#### Exercise
Keep to one stretch of the data below, the lines from the one with "Picture of Mini" up to and including the one with "Custom Retro Arcade", and return that stretch exactly.

#### Records for the exercise
╔══

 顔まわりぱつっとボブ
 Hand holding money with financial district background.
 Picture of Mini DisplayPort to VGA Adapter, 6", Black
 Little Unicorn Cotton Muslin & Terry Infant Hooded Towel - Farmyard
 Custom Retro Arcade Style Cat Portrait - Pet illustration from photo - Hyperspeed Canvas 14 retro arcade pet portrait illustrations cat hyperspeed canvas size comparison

╚══
╔══

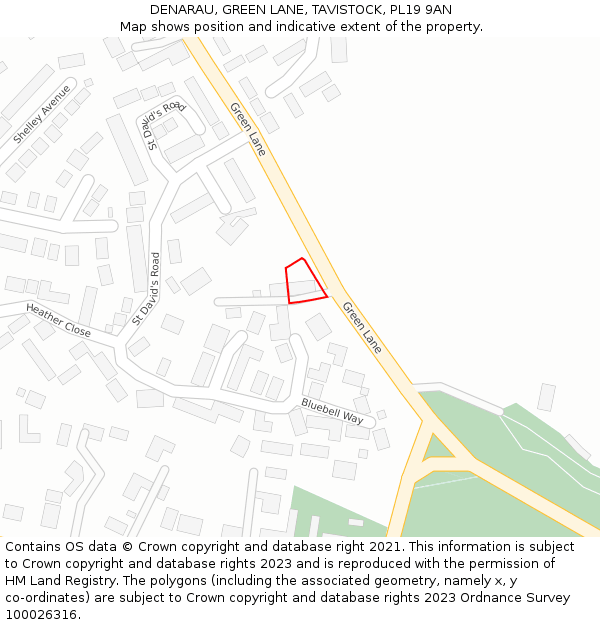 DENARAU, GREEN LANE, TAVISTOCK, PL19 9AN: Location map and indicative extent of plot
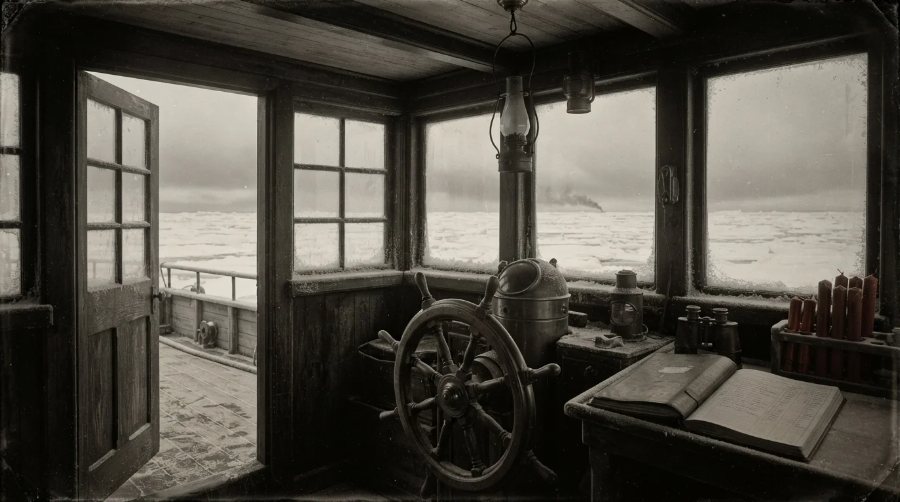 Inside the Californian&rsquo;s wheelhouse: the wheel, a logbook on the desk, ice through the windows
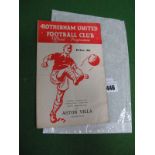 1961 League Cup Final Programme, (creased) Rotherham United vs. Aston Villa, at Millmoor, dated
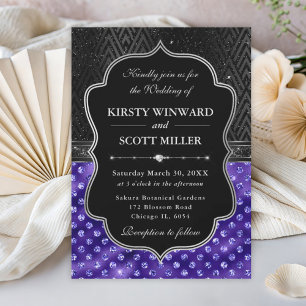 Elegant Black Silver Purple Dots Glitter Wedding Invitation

╚══

#### Answer space
 Picture of Mini DisplayPort to VGA Adapter, 6", Black
 Little Unicorn Cotton Muslin & Terry Infant Hooded Towel - Farmyard
 Custom Retro Arcade Style Cat Portrait - Pet illustration from photo - Hyperspeed Canvas 14 retro arcade pet portrait illustrations cat hyperspeed canvas size comparison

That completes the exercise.